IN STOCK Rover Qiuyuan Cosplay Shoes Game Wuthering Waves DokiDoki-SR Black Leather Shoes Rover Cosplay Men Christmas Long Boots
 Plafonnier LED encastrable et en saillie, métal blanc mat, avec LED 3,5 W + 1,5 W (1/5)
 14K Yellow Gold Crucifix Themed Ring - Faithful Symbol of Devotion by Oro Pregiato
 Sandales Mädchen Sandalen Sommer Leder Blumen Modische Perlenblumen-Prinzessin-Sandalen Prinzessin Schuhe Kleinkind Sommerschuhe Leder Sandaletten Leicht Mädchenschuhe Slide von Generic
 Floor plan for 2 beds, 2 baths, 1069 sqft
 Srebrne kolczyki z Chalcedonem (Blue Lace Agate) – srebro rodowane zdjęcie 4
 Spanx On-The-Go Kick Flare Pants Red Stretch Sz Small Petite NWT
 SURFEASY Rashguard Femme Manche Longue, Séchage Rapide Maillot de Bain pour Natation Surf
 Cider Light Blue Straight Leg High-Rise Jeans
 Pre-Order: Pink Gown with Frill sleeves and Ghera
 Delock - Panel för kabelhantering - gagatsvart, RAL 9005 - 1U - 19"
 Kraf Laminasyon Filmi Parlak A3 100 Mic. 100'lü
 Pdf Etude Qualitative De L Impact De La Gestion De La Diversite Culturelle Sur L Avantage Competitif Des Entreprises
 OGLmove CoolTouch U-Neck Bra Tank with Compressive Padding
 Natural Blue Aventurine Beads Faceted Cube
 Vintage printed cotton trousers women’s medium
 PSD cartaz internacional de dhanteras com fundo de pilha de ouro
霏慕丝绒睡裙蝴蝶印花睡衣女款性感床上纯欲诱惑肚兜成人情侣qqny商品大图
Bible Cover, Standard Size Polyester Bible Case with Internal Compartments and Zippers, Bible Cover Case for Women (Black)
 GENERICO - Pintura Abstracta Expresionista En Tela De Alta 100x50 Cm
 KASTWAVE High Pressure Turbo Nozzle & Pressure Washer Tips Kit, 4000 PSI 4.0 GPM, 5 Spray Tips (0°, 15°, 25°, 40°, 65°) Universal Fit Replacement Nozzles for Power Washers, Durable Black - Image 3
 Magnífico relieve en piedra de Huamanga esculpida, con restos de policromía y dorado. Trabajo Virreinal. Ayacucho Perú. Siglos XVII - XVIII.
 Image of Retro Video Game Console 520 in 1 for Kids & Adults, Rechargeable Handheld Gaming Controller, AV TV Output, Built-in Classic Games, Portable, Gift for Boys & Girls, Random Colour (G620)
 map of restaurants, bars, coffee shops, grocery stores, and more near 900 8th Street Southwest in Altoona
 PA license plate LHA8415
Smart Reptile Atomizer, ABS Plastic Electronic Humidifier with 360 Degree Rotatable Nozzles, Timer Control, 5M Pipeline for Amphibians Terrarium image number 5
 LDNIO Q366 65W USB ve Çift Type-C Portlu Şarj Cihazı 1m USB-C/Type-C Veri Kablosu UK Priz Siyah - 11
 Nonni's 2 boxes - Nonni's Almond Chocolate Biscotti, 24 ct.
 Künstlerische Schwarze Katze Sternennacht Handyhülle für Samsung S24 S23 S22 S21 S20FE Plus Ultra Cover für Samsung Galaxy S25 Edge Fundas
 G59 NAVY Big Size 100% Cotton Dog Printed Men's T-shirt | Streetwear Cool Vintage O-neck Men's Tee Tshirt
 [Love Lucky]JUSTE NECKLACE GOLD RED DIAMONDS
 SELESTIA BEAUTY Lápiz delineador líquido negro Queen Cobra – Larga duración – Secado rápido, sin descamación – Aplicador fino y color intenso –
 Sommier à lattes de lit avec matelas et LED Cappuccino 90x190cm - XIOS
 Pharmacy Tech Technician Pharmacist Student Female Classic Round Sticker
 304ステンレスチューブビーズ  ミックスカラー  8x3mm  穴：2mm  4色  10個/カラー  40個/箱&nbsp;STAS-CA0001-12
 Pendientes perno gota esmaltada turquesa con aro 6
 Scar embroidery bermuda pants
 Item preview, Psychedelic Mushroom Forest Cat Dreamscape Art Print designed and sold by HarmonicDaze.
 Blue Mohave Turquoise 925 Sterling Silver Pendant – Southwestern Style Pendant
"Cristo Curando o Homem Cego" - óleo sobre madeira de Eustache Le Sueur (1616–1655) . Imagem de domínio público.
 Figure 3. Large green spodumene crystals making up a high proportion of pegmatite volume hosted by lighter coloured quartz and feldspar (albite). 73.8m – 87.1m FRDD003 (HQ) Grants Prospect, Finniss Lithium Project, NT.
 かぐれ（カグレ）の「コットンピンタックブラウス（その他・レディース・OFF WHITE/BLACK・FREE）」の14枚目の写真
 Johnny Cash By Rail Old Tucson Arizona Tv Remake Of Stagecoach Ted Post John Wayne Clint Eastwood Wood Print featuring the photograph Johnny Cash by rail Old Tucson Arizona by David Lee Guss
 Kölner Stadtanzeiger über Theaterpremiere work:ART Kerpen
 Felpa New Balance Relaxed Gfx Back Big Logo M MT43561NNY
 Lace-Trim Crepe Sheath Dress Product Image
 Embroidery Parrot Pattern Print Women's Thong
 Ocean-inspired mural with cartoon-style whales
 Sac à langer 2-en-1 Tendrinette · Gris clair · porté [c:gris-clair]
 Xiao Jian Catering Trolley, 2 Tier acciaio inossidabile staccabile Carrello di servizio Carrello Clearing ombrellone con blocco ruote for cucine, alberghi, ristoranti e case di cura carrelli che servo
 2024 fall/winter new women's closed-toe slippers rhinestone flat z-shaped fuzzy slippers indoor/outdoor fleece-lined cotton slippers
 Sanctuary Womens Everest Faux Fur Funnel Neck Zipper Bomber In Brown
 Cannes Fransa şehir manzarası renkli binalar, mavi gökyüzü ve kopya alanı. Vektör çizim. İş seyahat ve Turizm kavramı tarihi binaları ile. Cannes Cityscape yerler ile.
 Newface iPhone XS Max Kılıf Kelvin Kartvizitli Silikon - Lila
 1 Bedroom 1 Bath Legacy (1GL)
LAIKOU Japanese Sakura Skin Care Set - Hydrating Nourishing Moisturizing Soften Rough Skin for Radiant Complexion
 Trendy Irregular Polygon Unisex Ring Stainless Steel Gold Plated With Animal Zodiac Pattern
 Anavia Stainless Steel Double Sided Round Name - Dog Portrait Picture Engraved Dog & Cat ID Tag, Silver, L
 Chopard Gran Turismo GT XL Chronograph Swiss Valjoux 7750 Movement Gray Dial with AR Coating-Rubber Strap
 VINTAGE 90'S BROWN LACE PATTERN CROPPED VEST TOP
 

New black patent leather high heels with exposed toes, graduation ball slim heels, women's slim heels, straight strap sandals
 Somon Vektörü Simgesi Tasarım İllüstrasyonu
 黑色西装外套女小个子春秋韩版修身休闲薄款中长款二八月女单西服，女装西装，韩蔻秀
---
Each line in the records above with "Classic" must be returned.

 Image of Retro Video Game Console 520 in 1 for Kids & Adults, Rechargeable Handheld Gaming Controller, AV TV Output, Built-in Classic Games, Portable, Gift for Boys & Girls, Random Colour (G620)
 Pharmacy Tech Technician Pharmacist Student Female Classic Round Sticker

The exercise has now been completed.